While House Speaker John Boehner today reiterated his opposition to touching income tax rates, he also said he is “optimistic” that talks with Obama will continue.
The bond market isn’t showing anywhere near the same level of concern.
As the national debt has soared to more than $16 trillion from less than $9 trillion in 2007, U.S. borrowing costs have tumbled.
The yield on the 10-year note touched a record low 1.379 percent on July 25, down from more than 5 percent in mid-2007 before the financial crisis. The super-low yields have pushed rates for mortgages, car loans and corporate borrowing to historic lows.
The “sticking points” for a budget deal are the president’s call for $1.6 trillion in new tax revenue and the fact that “there’ve been no serious discussions” so far on changes to entitlement programs, Bowles said.
Based on his White House meeting yesterday, Bowles said, he also believes there is “flexibility” in the president’s call to let George W. Bush-era tax cuts expire for the wealthiest Americans.

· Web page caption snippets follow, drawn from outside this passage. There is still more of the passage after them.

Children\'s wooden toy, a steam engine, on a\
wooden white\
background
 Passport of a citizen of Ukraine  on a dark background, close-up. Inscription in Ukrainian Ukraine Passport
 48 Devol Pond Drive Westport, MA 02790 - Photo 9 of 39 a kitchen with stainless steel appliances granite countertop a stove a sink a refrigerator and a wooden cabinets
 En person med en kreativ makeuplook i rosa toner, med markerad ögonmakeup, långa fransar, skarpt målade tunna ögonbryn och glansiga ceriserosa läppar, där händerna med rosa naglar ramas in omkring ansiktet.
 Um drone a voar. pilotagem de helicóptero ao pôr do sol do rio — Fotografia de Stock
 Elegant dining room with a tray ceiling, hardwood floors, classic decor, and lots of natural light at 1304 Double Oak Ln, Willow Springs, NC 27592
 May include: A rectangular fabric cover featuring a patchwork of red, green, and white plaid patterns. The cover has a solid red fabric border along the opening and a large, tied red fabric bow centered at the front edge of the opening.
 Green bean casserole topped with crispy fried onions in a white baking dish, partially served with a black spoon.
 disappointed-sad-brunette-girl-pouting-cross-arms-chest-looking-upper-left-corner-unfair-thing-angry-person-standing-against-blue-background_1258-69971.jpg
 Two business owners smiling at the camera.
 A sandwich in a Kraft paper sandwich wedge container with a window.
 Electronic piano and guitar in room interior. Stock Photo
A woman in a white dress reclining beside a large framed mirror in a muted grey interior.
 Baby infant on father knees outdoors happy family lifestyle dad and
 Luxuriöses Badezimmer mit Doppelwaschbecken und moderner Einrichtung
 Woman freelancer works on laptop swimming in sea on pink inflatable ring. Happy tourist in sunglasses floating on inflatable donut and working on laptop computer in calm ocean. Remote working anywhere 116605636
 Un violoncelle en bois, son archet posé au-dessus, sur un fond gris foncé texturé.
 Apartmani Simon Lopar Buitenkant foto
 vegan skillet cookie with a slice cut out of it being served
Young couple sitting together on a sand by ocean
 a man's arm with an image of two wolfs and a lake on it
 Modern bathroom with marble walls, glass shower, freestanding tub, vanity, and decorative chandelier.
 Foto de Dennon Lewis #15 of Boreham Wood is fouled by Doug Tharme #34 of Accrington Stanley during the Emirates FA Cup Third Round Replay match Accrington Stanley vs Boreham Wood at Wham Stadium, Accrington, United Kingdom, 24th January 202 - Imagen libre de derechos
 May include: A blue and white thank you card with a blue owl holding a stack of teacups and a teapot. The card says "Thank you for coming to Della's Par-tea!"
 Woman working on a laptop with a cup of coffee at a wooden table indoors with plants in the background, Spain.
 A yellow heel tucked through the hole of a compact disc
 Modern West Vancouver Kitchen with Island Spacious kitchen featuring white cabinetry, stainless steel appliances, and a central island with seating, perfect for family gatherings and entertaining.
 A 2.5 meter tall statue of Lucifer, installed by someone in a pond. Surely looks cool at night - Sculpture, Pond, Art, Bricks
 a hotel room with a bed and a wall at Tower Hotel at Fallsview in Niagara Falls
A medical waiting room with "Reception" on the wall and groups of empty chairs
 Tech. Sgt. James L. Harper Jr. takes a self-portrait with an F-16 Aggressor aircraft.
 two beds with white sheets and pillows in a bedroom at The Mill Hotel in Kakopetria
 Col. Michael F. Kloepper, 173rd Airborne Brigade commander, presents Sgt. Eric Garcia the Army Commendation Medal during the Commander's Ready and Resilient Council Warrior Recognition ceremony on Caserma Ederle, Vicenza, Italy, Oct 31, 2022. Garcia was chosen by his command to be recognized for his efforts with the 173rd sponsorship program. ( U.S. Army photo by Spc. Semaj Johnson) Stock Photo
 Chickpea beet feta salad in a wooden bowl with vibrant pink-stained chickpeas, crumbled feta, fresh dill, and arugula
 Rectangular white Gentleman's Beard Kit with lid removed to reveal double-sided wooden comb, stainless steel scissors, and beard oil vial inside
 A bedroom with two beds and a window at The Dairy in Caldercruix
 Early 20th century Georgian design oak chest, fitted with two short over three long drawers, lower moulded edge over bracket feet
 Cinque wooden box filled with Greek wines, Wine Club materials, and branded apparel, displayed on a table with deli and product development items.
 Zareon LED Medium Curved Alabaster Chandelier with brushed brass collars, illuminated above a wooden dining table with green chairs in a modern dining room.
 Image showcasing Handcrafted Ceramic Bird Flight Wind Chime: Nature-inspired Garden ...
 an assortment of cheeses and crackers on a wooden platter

“I didn’t sense it, I heard it” directly from Obama, he said. Bowles said while Obama believes the major portion of revenue should come from ending the tax cuts for the top 2 percent of taxpayers, a plan also could include limiting some deductions and credits, an approach favored by Republicans.
The Campaign to Fix the Debt, founded by Bowles and former Republican Senator Alan Simpson of Wyoming, is working to gather corporate and grassroots support for a bipartisan plan to cut the U.S. deficit by trimming entitlements and increasing revenue.